RAW DATA:
^^^^^^^^^^^^^^^^
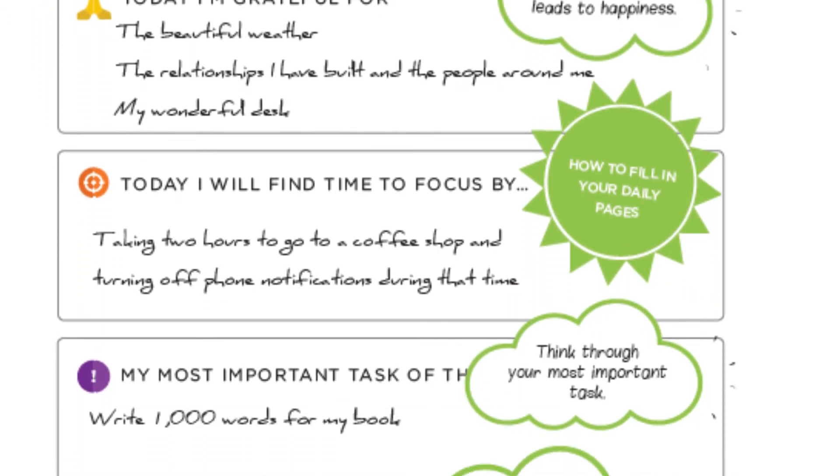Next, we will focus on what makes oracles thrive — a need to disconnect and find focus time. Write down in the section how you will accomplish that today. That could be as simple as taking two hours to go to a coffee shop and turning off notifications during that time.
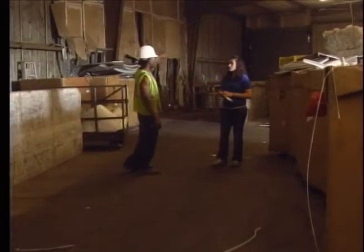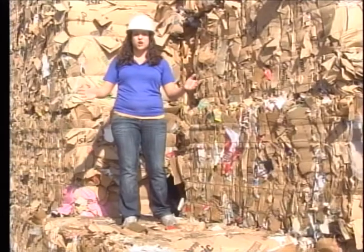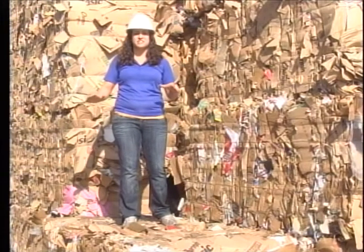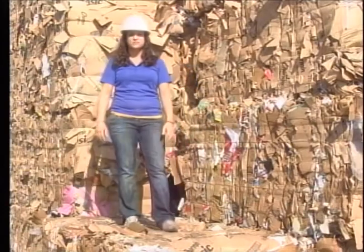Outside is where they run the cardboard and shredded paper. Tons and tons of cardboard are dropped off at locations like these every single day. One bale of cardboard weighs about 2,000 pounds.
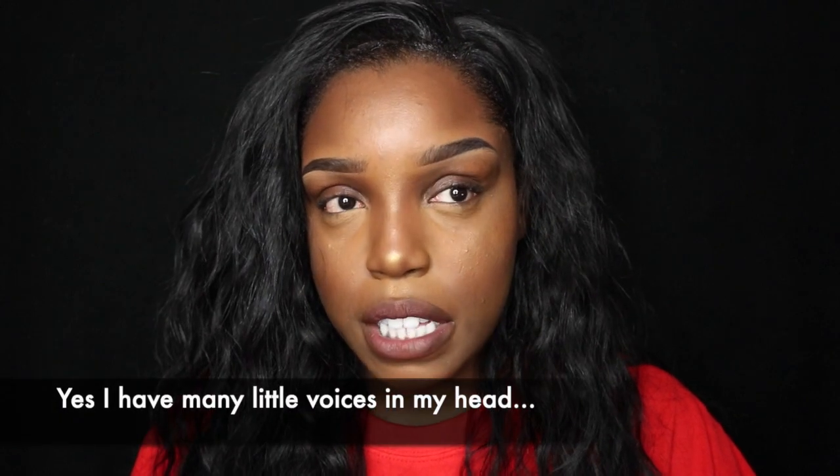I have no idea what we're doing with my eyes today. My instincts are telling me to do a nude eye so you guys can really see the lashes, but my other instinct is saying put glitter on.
^^^^^^^^^^^^^^^^
From the first line to the last, retype the data exactly, without images.

ANSWER SECTION:
Next, we will focus on what makes oracles thrive — a need to disconnect and find focus time. Write down in the section how you will accomplish that today. That could be as simple as taking two hours to go to a coffee shop and turning off notifications during that time.
Outside is where they run the cardboard and shredded paper. Tons and tons of cardboard are dropped off at locations like these every single day. One bale of cardboard weighs about 2,000 pounds.
I have no idea what we're doing with my eyes today. My instincts are telling me to do a nude eye so you guys can really see the lashes, but my other instinct is saying put glitter on.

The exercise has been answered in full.